§ Dataset excerpts
---+---
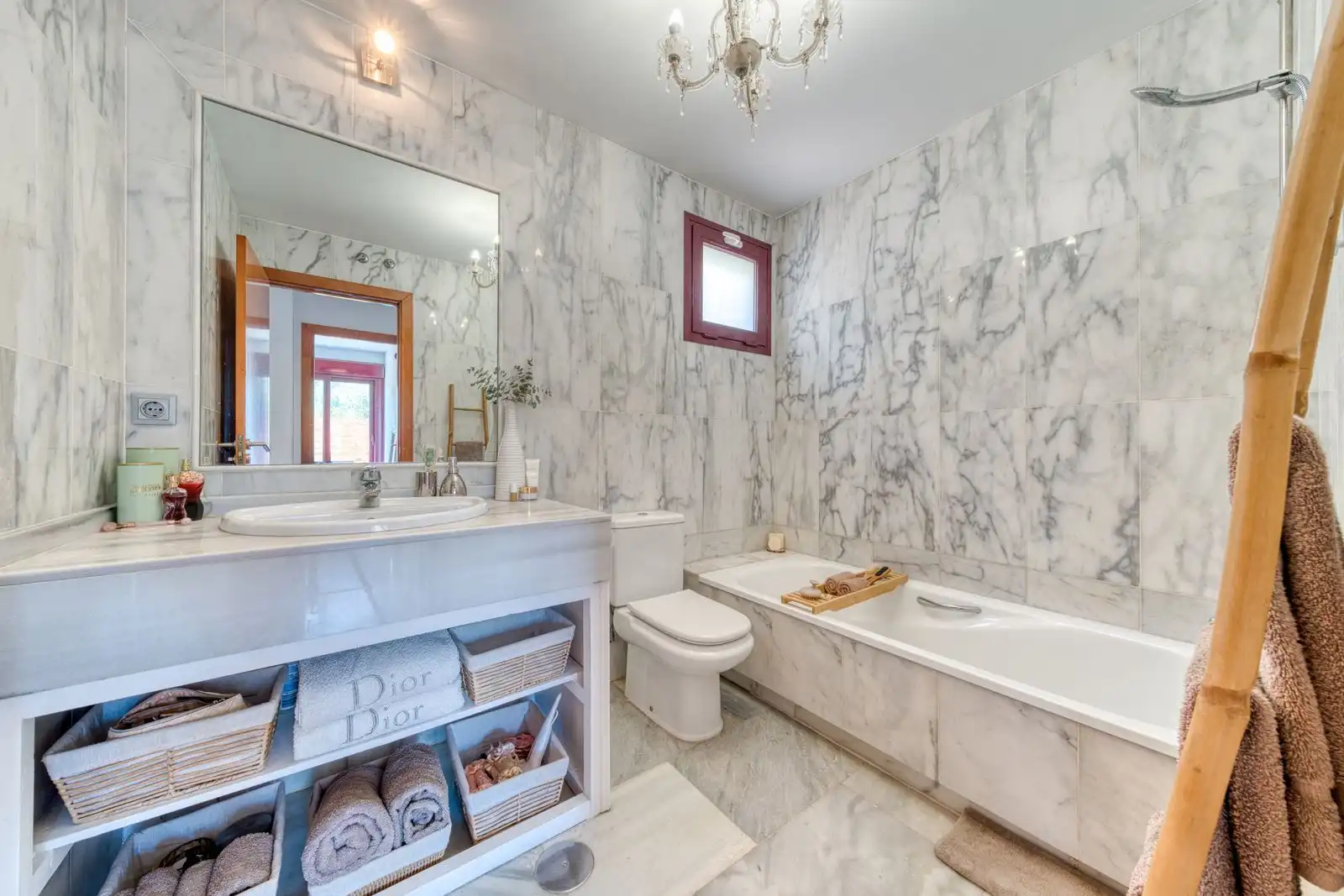 Chalet con piscina en venta en Calle la Pacheca Alta, imagen 15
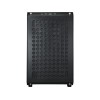 COOLER MASTER CASE QUBE 500 MIDI TOWER BLACK COOLER MASTER CASE QUBE 500 MIDI TOWER BLACK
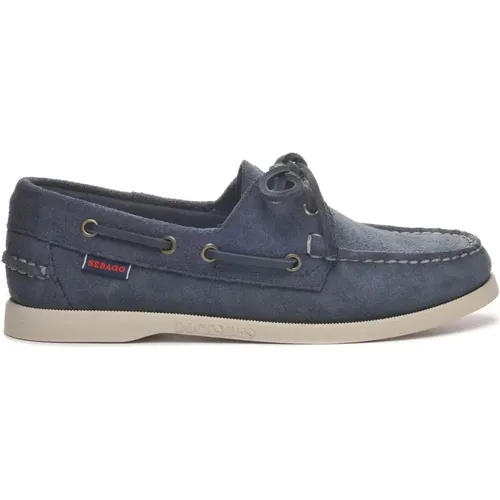 Female, Sizes: 6 UK, 3 UK, 4 UK, 5 UK - Sebago - Modalova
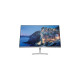 HP M24fd, LED-Monitor(61 cm (24 Zoll), silber/schwarz, FullHD, AMD Free-Sync, USB-C)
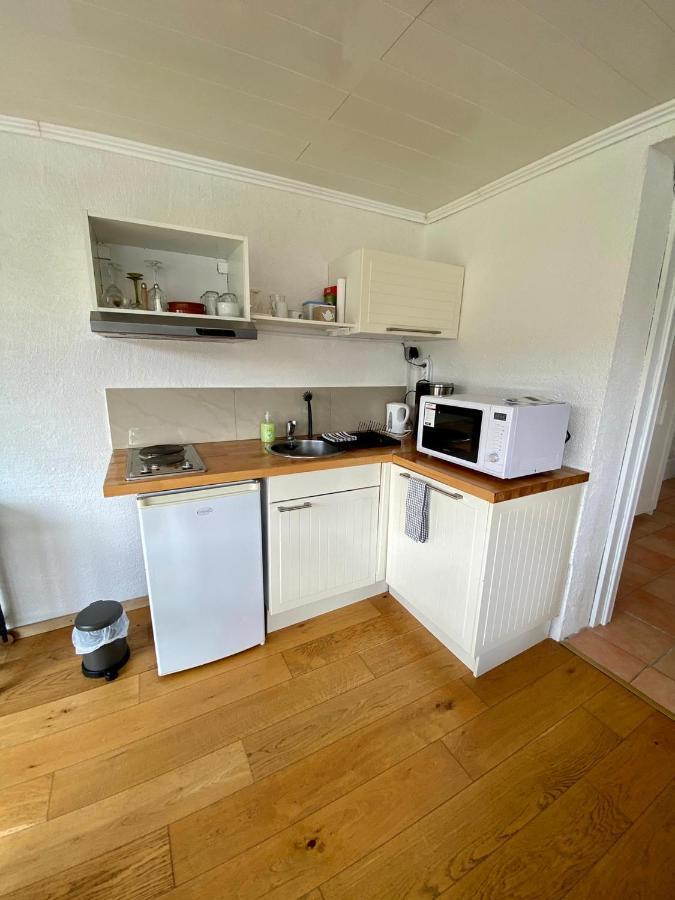 Studio Rekreant Küchelscheid Buitenkant foto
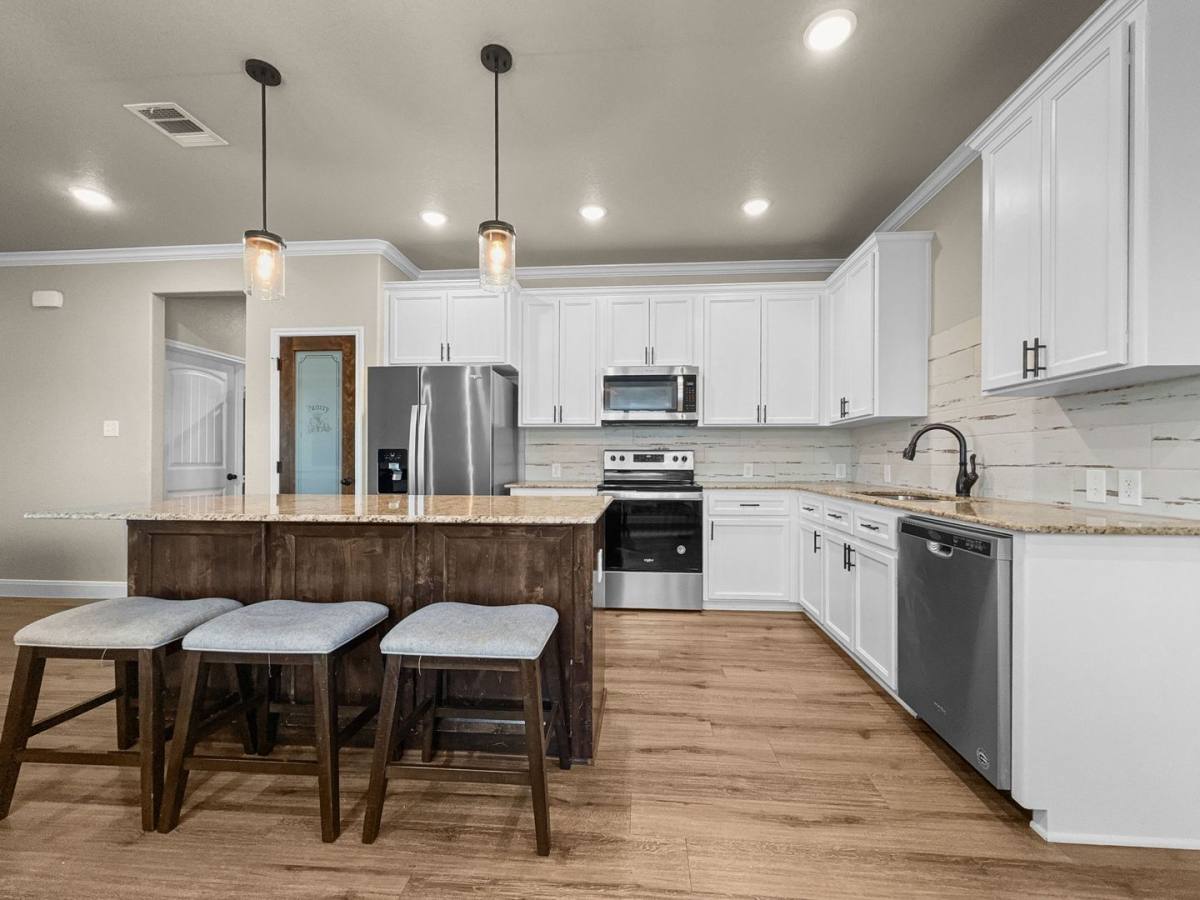House for rent at 1606 Black Kettle Trail, Temple, TX 76502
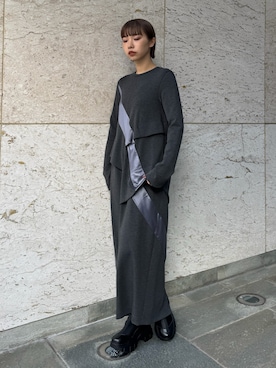 YURIKAさんのコーディネート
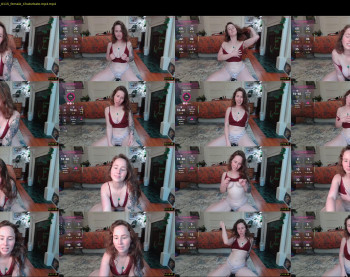 wutangwendy — 18 minute Chaturbate female cam show recording, 720p, Feb 11, 2026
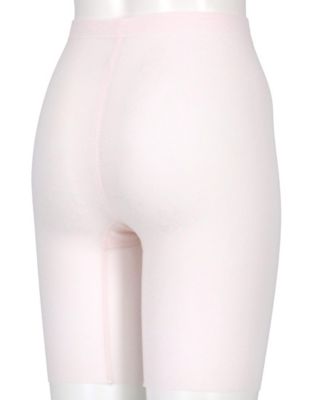 メッシュタイプ ガードル パンツタイプ（ロング丈）（GRC430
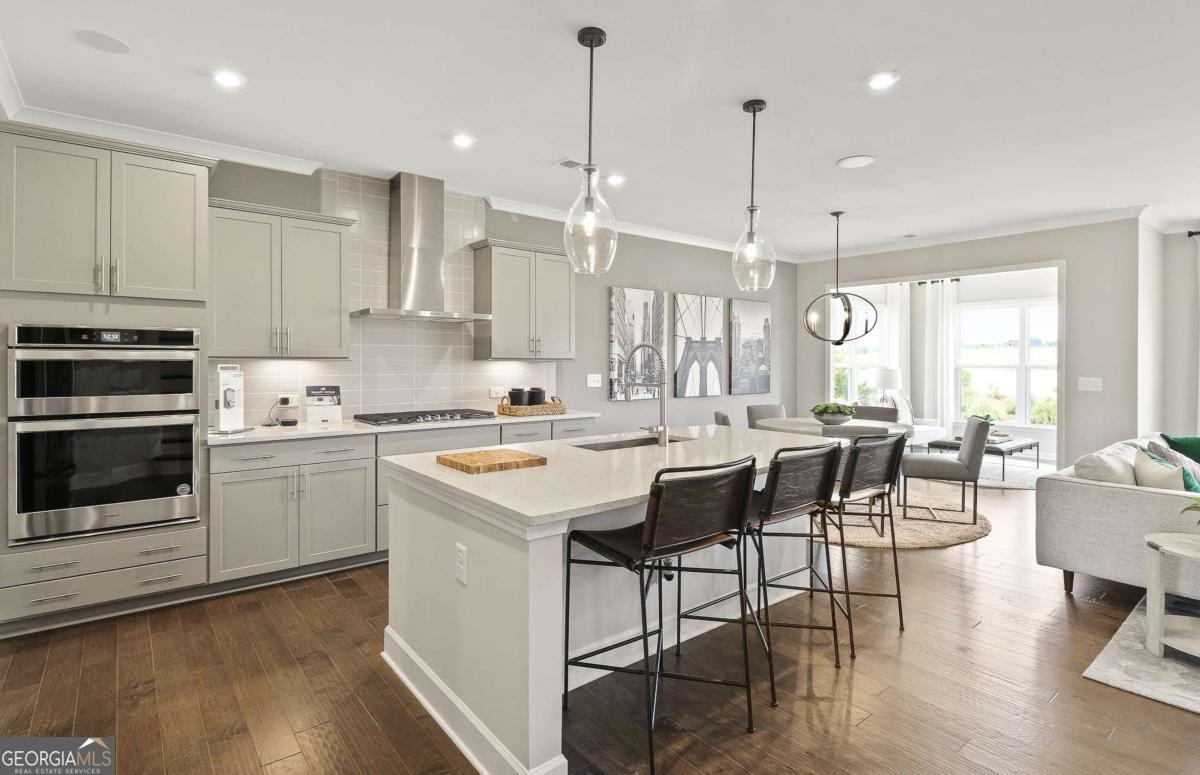 146 Mountainview LN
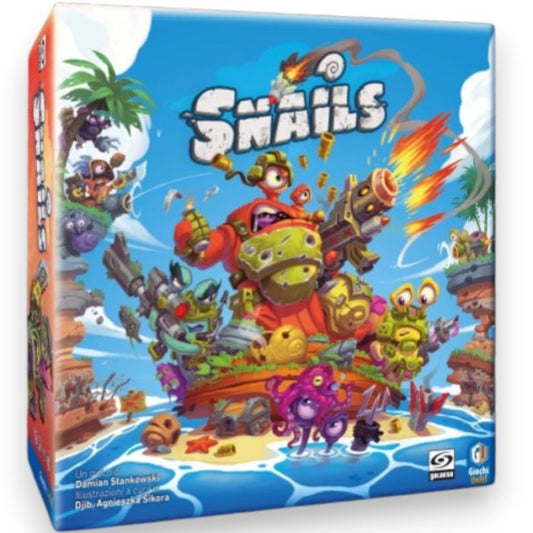 Snails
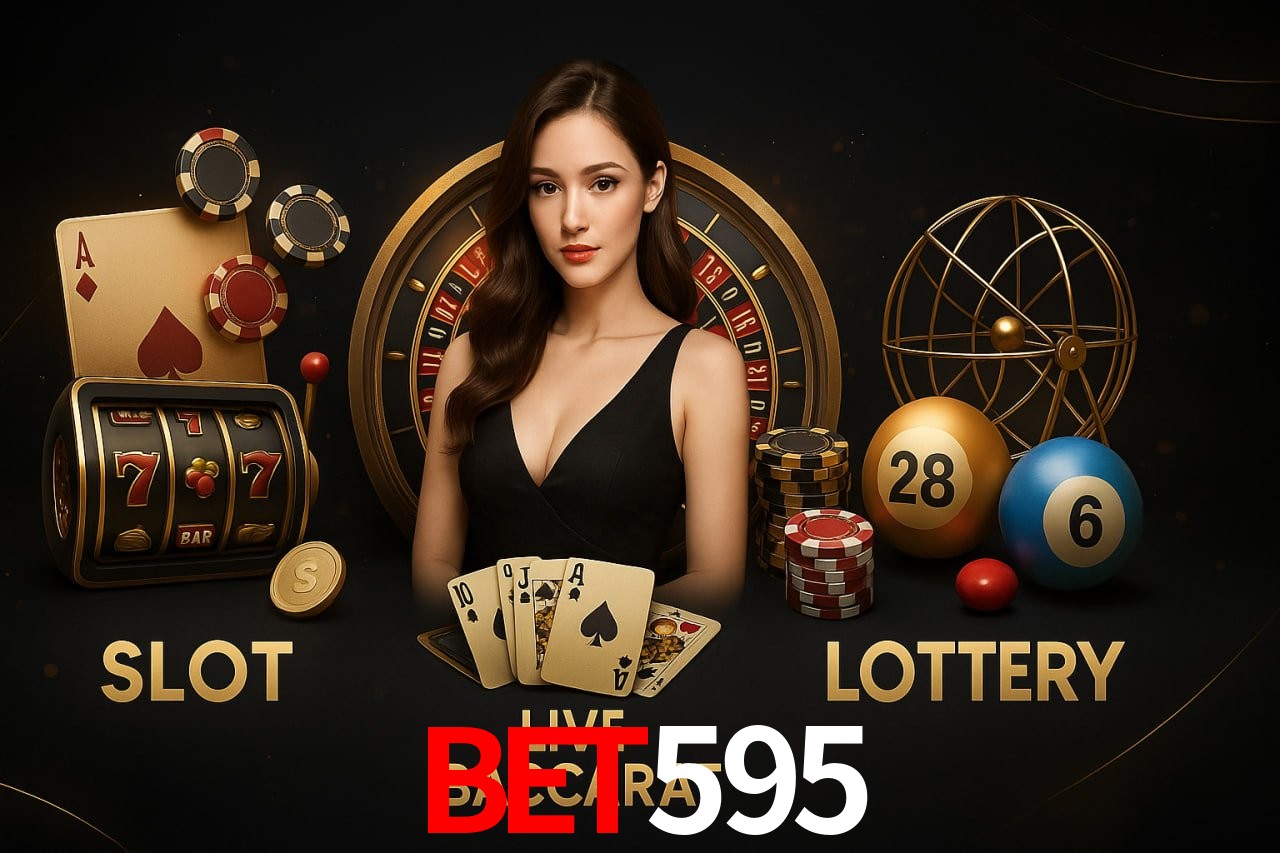 Promoção Relâmpago bet595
---+---
§ TASK GOAL
Pictures must be left out. Repeat exactly the lines from the one containing "Female, Sizes: 6" through the final line of the data.

§ RESULT
 Female, Sizes: 6 UK, 3 UK, 4 UK, 5 UK - Sebago - Modalova
 HP M24fd, LED-Monitor(61 cm (24 Zoll), silber/schwarz, FullHD, AMD Free-Sync, USB-C)
 Studio Rekreant Küchelscheid Buitenkant foto
House for rent at 1606 Black Kettle Trail, Temple, TX 76502
 YURIKAさんのコーディネート
 wutangwendy — 18 minute Chaturbate female cam show recording, 720p, Feb 11, 2026
 メッシュタイプ ガードル パンツタイプ（ロング丈）（GRC430
 146 Mountainview LN
 Snails
 Promoção Relâmpago bet595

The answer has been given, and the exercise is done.